O motor de 1.6 litros, com câmbio manual, também anima. Seu torque máximo de 15,3 kgfm (com álcool) é disponibilizado a 3.750 rpm e garante fôlego ao modelo, que responde rapidamente quando o pedal do acelerador eletrônico é acionado. Ainda em trecho urbano, mantendo uma velocidade de 70 km/h, o bloco trabalhava a cerca de 2.600 rpm, ou seja, um bom nível de rotações e que garante nível ruído razoável dentro da cabine.

Já na estrada, o X-Gear chegou a balançar um pouco em retas longas e com o vento soprando contra. Segundo a Nissan, as mudanças na parte externa não geraram alterações no coeficiente aerodinâmico do veículo (0,336). Em curvas, mesmo em velocidades mais altas, mais uma vez o bom acerto da suspensão mantém o monovolume firme, sem inclinar a carroceria.

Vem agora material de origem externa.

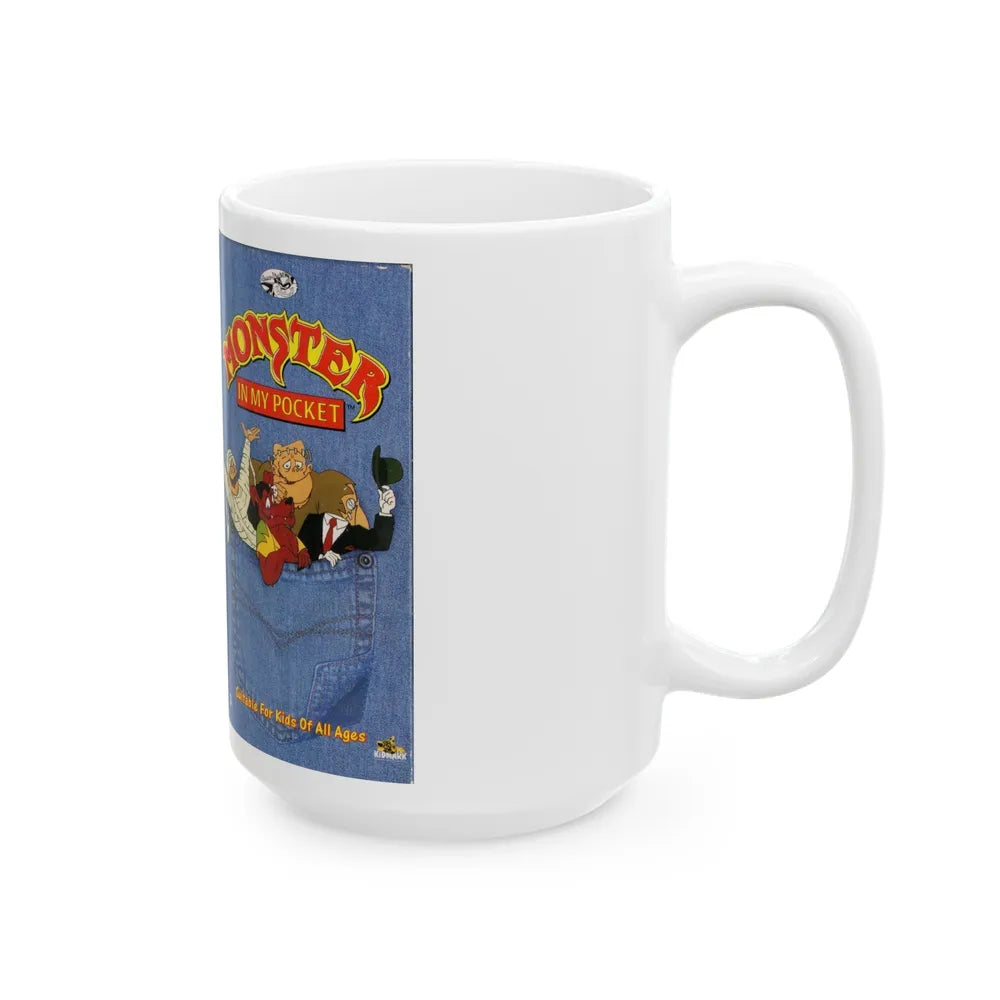 MONSTER IN MY POCKET (VHS COVER) - White Coffee Mug-Go Mug Yourself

Se com o câmbio manual o Livina já se mostrava um veículo bastante confortável, a versão com o motor 1.8 l e transmissão automática de quatro velocidades, o deixa ainda mais dócil. Este bloco, feito de alumínio, é o mesmo que impulsiona o Tiida Flex e um dos pontos fortes é o fato de que 90% do torque máximo de 17,5 kgfm está disponível a 2.400 rpm. O câmbio conta ainda com Overdrive, recurso que alonga a relação da quarta marcha e melhora o consumo de combustível.

   

MERCADO

O objetivo da Nissan é de comercializar 700 unidades do Livina X-Gear até dezembro deste ano. A marca ainda prevê que 30% deste total seja da versão de entrada, 35% da versão 1.6 SL e outros 35% da versão topo de linha. Para chegar a este volume, o modelo terá pela frente rivais como o recém-lançado Kia Soul, o Honda Fit, o Citroën XTR, além de Fiat Idea Adventure e do Peugeot 207 SW Escapade.

O Livina X-Gear conclui o plano Shift Mercosul, anunciado pela Nissan em 2006, e que prevê investimentos de US$ 150 milhões (cerca de R$ 280,8 milhões) até o fim de 2009, além do lançamento de seis produtos – Murano, Sentra, Tiida, X-Trail, Frontier nacionalizada e a família Livina.

Novos planos de investimento serão anunciados pelo fabricante no início do ano que vem, segundo o presidente da Nissan Mercosul, Thomas Besson. Em entrevista ao Carsale, o executivo ainda afirmou que a marca pretende, em 2010, atingir cerca de 2% de participação do mercado nacional de veículos. No entanto, segundo Besson, este crescimento se dará graças aos modelos já lançados pela Nissan durante o Shift Mercosul, sem adiantar futuros lançamentos.